Resumo: O Natal da tradição cristã colide em cheio contra o Natal da sociedade de consumo. O texto pericia a colisão e tece comentários a respeito.  

A roleta continua a girar

O cidadão Quem nasceu dois ou três dias antes do Natal, ou mesmo uma semana, não importa. Nascido,  Quem encontrou pronto, próspero, encorpado,  funcionando a todo  vapor, o pacote cultural das festas natalinas. 

O tempo passa, Quem cresce e se dá conta de que a atitude natalina decorre de um mito.  Um mito primoroso, no   sentido mais nobre e mais digno que a palavra possa ter, qual seja o sentido psicopompo, que atribui ao mito o poder de conduzir da dimensão cósmica até o plano material o pensamento modelador do que de fato aconteceu no mais remoto estágio da civilização.

Um Menino veio ao mundo para resgatar a humanidade e devolvê-la sã e salva ao cuidado do Criador.

Antes de enveredar em busca de conhecer melhor a cultura natalina, Quem entendeu preferível  recolher da cena primordial as qualidades essenciais que a caracterizam. Então ele viu que em sua origem o Natal, o verdadeiro Natal, deu-se a conhecer sob o signo da solidariedade, da quietude, da frugalidade, do silêncio.

Para conhecer melhor e mais de perto a atitude natalina Quem não precisou ir muito longe. Na noite de Natal próxima passada  ele e a esposa aceitaram um  convite para cear na casa praiana de uma família amiga. Família comum, gente comum, hábitos urbanos, poder aquisitivo um pouco acima do nível mediano.

Na estrada pode ver a intensa movimentação dos automóveis, a ação dos bafômetros, o trabalho preventivo da polícia contra excessos  de velocidade. Achou aquilo incongruente. Bebida alcólica no Natal? – foi o registro que fez em seu caderno de apontamentos.

Às vinte e duas  horas o casal convidado apresentou-se ao casal anfitrião, que esperava recepcionar naquela noite trinta pessoas, inclusive moças e rapazes solteiros.

A mesa já estava posta. Mesa farta: peru, chester, pernil, salada, arroz branco, guloseima, alguma fruta, ponche, uísque, vinho, cerveja, refrigerante, bolo, compota, pudim. 
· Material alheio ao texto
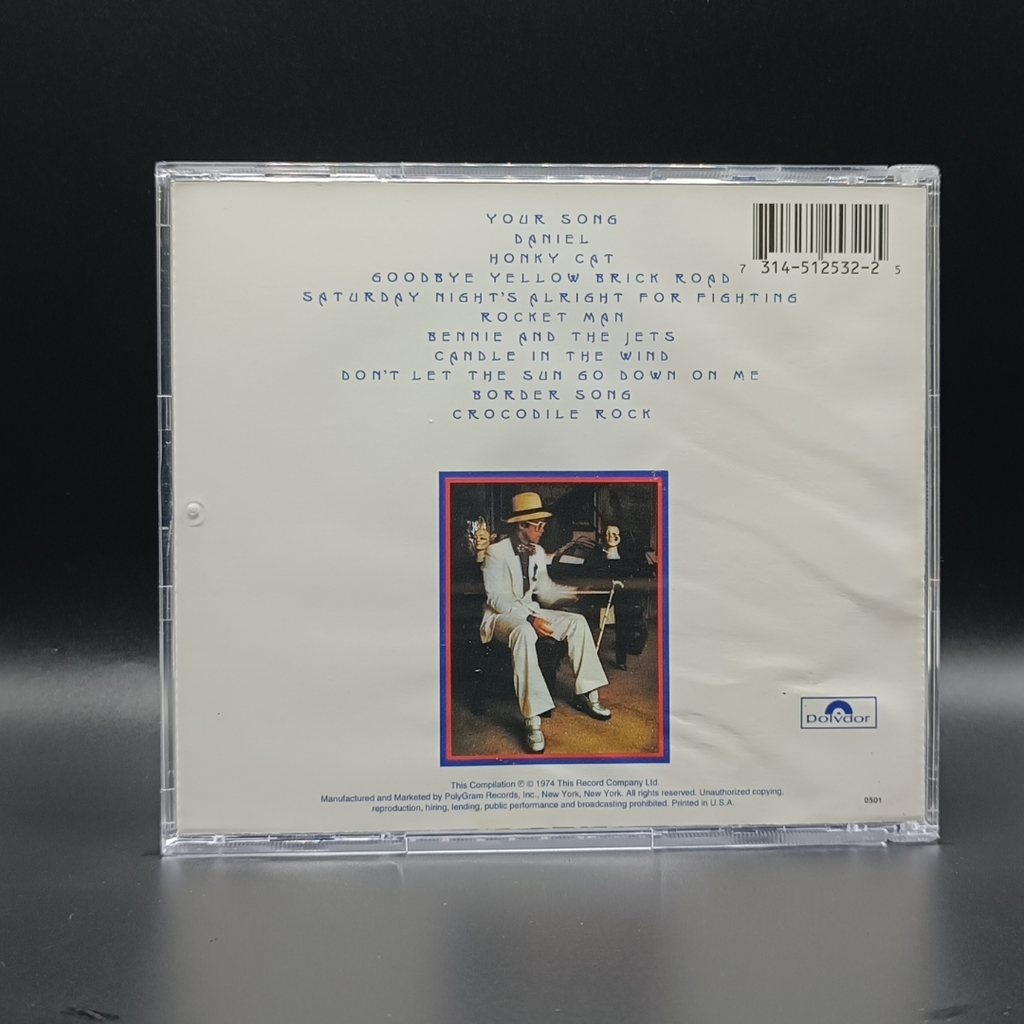 Elton John - Greatest Hits CD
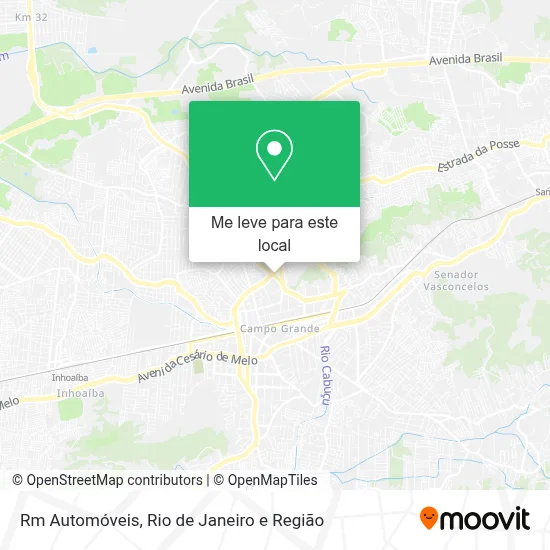 Rm Automóveis mapa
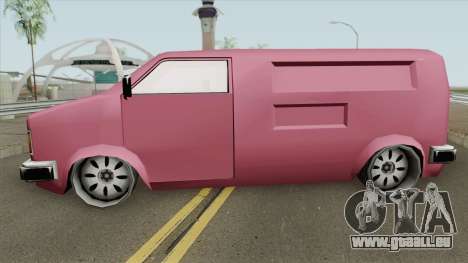 Pony Disco Van für GTA San Andreas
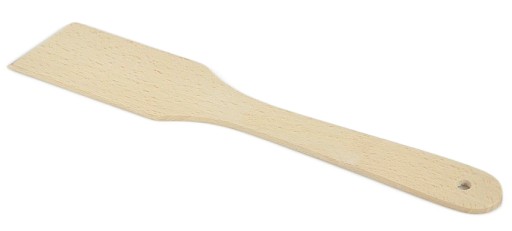 Łopatka Płaska Drewno Buk Mieszadło Kuchenna 30cm.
Janelas abertas, palestra animada, alarido incipiente, som convidativo, silhuetas elegantes, um casal decidiu dançar, muita cor, perfume, brilho, possibilidades.   

Quem, esquecido de sua pesquisa, tomou algumas doses, aderiu à dança, aproximou-se dos anfitriões, elogiou o bom gosto do encontro, e se disse privilegiado por estar ali.

Não. Não vamos absolutamente censurar o moço. Se as delícias da noite de Natal o distraíram, vá ver que foi melhor assim. Se ele tivesse mantido o ânimo da pesquisa,  teria verificado que o encontro natalino daquela noite  se estruturava  em bases diametralmente opostas à do verdadeiro Natal: lá, solidariedade, frugalidade, quietude, silêncio. Cá, indiferença, abundância, agitação, alarido.

Se ele tivesse prosseguido talvez não soubesse trabalhar o conflito. Talvez radicalizasse a favor da tradição, talvez sucumbisse à banalidade de criticar quem se diverte à tripa forra na noite de Natal.  

Enfim, talvez não percebesse que a verdade só pode ser alcançada pela compreensão dos opostos - o Natal da tradição e o Natal consumista.  Da compreensão e unicamente dela  surgirá a atitude sintetizadora do conflito.

Três possibilidades despontam no horizonte: 1) a tradição engole o consumismo; 2)  o consumismo engole a tradição; 3) ninguém engole ninguém, entre mortos e feridos salvam-se todos, no melhor estilo do jeitinho brasileiro.

A roleta continua girando. Senhores, façam suas apostas.